◆ **Task statement**: Omitting all pictures, copy word for word the lines from the line containing "Light Song Gardens" through the final line of the entries.

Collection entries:

********

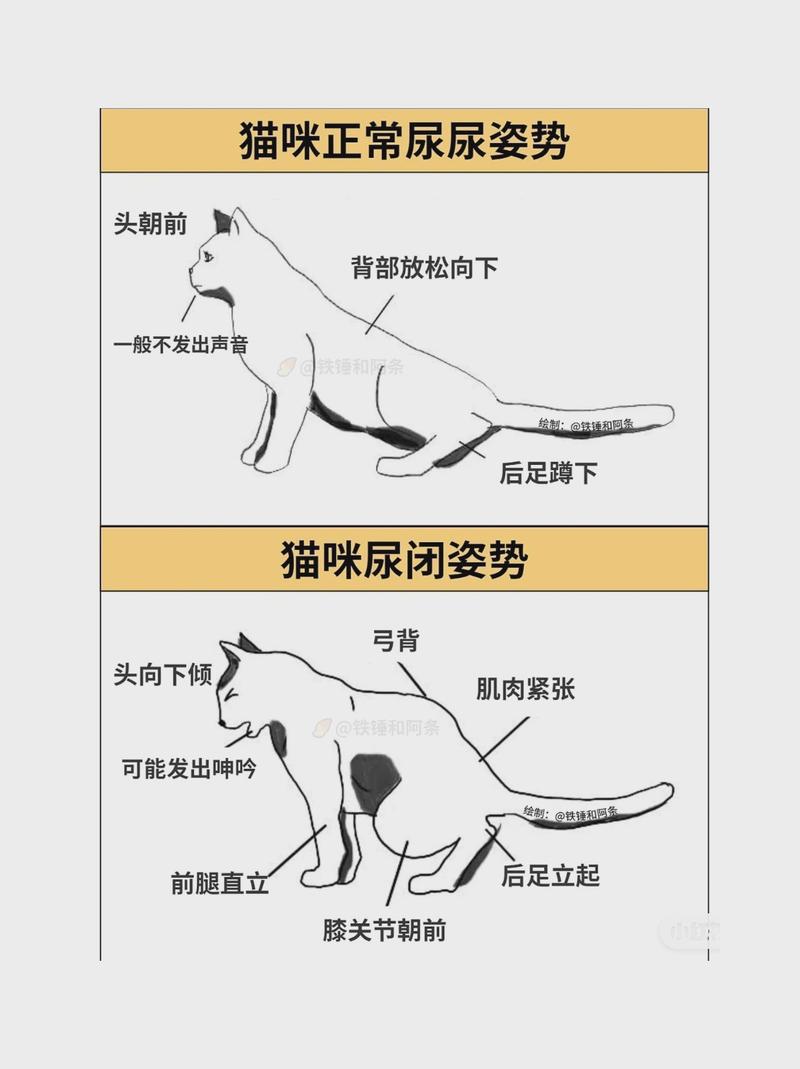 貓咪無尿？如何識(shí)別與處理貓咪排尿障礙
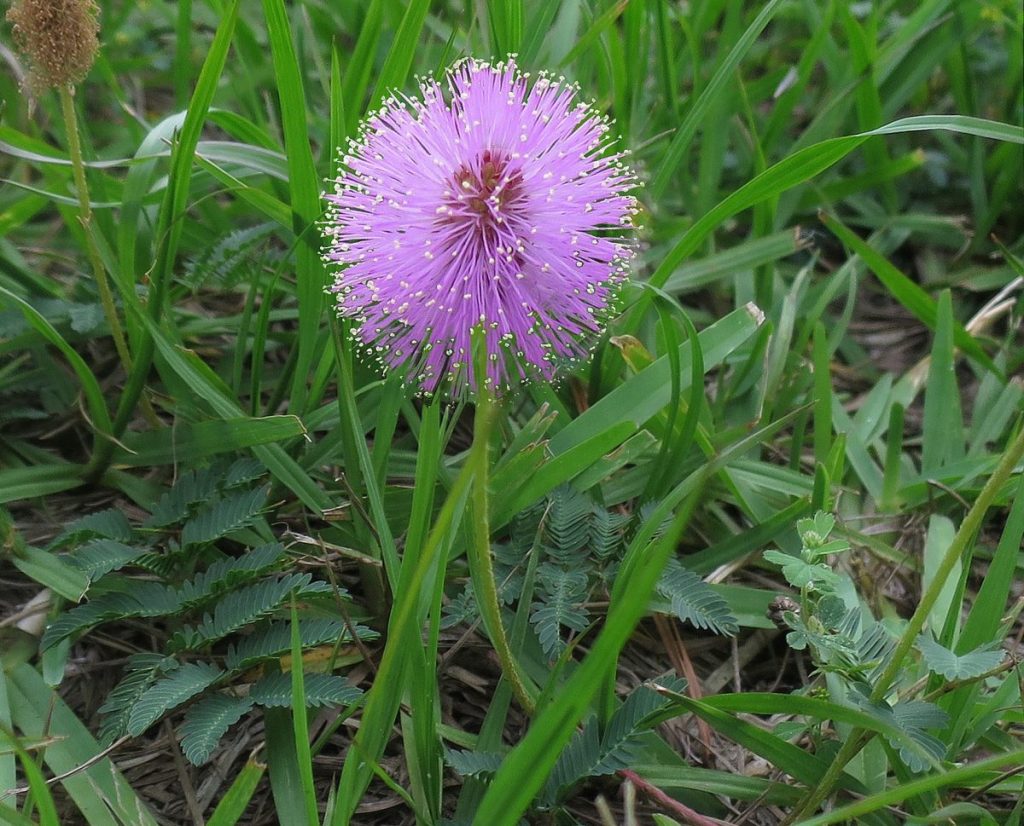 Powderpuff mimosa, a type of sensitive plant, pink flower and fern-like foliage growing in a lawn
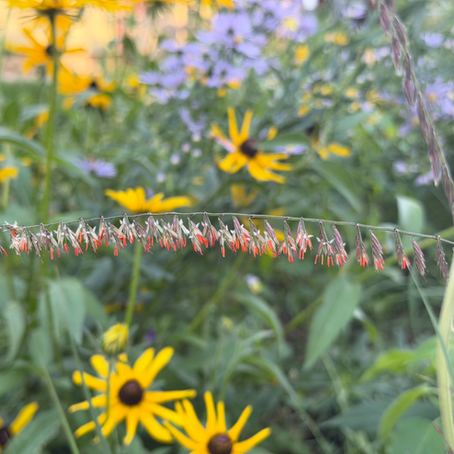 Light Song Gardens - Urban Meadow Gardens in Helena, MT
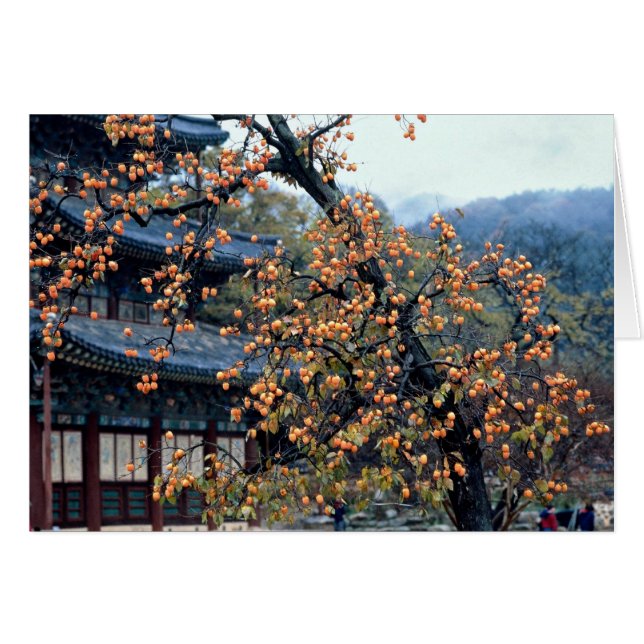 Persimmons tree, fall (Front Horizontal)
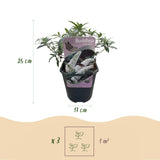 Arbre aux papillons White Profusion - Buddleja davidii - H 25 cm, pot Ø17 cm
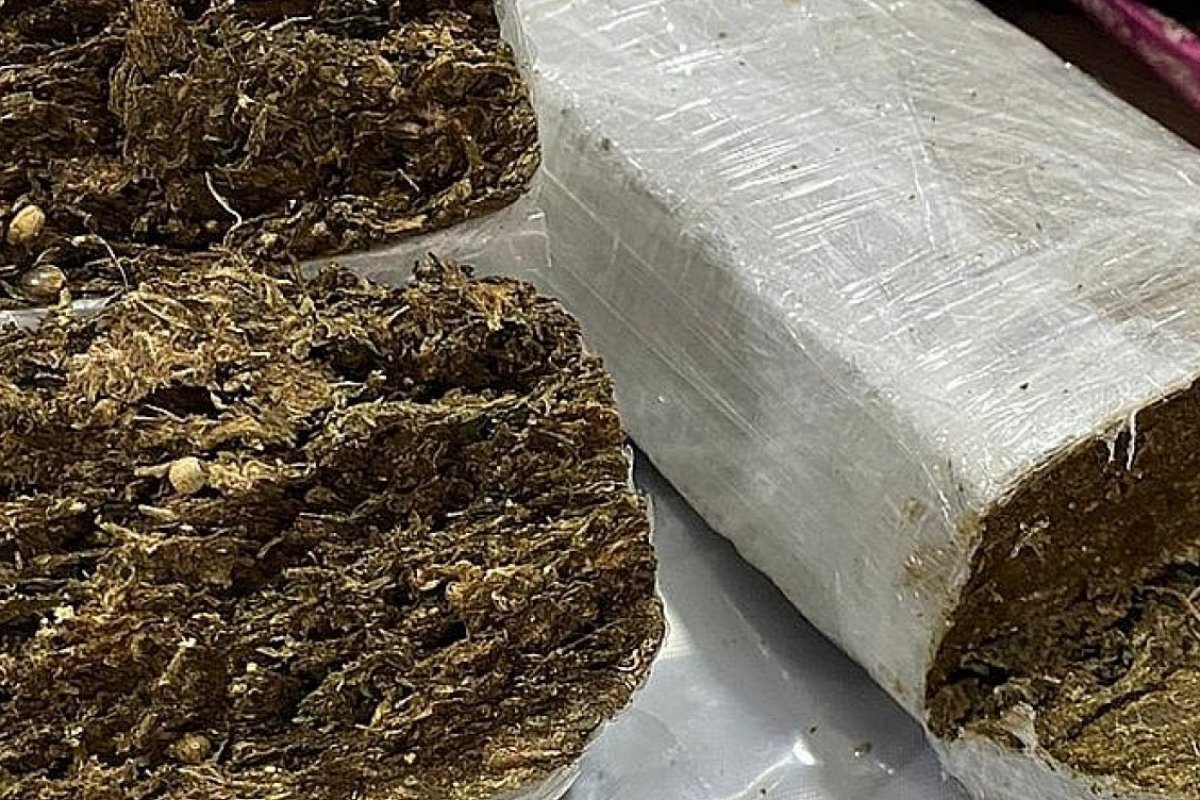 Mais de 14 toneladas de maconha foram apreendidas nas rodovias que cortam a Bahia em 2021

********

◆ **Exercise solution**:
 Light Song Gardens - Urban Meadow Gardens in Helena, MT
 Persimmons tree, fall (Front Horizontal)
 Arbre aux papillons White Profusion - Buddleja davidii - H 25 cm, pot Ø17 cm
 Mais de 14 toneladas de maconha foram apreendidas nas rodovias que cortam a Bahia em 2021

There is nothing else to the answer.